Web page caption snippets:
==============================

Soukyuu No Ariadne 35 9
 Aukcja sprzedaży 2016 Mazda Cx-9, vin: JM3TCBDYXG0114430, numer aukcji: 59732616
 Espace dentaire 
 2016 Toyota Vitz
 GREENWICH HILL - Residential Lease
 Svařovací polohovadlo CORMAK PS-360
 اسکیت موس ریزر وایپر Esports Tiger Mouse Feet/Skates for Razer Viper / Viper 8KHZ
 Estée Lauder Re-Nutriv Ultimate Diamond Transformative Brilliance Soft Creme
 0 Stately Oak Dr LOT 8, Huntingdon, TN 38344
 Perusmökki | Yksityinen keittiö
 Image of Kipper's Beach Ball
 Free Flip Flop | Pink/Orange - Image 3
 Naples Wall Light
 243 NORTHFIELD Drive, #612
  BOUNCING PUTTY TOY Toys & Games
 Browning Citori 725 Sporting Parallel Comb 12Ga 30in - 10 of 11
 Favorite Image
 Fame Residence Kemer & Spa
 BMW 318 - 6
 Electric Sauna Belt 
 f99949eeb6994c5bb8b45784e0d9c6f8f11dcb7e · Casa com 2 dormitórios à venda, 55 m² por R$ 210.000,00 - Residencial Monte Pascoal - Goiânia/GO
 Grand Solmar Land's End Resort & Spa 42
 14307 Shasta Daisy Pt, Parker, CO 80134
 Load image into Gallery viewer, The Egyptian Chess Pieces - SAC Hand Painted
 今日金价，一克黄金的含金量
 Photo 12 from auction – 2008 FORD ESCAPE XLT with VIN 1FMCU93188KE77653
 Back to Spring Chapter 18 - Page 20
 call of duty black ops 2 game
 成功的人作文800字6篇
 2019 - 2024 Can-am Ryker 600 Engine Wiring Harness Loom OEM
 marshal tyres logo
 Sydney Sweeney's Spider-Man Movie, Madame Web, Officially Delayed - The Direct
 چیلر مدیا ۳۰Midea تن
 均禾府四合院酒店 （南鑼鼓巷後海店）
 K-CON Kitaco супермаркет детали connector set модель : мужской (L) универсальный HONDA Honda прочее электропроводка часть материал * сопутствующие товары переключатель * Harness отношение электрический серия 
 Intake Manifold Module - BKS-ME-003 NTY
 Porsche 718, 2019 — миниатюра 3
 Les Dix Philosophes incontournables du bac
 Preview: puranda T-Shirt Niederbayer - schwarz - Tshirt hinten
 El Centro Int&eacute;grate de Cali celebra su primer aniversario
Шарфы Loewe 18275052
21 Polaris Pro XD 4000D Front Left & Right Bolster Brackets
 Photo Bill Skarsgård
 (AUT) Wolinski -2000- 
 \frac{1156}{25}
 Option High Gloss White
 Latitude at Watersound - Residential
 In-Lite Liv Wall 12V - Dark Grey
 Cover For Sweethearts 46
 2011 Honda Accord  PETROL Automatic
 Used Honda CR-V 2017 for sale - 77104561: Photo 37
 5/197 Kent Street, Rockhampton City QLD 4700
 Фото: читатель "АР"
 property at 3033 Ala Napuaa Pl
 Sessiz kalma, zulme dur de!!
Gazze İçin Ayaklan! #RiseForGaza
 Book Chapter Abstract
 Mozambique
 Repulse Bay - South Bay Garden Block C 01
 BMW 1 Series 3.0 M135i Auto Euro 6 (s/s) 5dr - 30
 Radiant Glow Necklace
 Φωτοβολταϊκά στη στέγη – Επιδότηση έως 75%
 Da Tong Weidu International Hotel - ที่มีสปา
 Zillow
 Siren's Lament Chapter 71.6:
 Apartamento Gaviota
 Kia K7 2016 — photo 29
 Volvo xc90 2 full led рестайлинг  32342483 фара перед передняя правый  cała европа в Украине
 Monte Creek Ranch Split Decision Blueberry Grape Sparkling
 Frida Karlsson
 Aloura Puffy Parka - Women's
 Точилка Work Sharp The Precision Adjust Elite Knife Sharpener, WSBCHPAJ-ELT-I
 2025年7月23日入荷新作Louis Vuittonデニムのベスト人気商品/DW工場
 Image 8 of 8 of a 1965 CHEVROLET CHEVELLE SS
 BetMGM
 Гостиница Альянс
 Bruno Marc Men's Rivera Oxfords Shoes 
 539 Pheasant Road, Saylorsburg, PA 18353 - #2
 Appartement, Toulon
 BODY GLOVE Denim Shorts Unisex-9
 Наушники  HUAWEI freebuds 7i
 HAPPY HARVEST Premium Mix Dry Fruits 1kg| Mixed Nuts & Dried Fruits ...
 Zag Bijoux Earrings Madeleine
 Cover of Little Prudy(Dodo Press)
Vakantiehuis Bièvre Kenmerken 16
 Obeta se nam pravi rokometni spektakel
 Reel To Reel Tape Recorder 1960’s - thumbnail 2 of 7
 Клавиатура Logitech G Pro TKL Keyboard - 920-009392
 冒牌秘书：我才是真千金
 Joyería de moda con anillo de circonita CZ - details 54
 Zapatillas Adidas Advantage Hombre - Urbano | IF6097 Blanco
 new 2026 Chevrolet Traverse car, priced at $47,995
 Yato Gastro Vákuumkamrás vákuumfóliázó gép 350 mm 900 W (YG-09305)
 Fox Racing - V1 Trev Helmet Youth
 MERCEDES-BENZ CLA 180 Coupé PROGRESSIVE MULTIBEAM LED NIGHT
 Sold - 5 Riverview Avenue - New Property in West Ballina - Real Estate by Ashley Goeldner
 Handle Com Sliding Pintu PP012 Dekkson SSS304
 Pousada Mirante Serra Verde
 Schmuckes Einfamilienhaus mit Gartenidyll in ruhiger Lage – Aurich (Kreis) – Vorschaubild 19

==============================

REQUIRED WORK: All lines above that hold the string "Monte" should be copied.

REPLY TO THE TASK:
 f99949eeb6994c5bb8b45784e0d9c6f8f11dcb7e · Casa com 2 dormitórios à venda, 55 m² por R$ 210.000,00 - Residencial Monte Pascoal - Goiânia/GO
 Monte Creek Ranch Split Decision Blueberry Grape Sparkling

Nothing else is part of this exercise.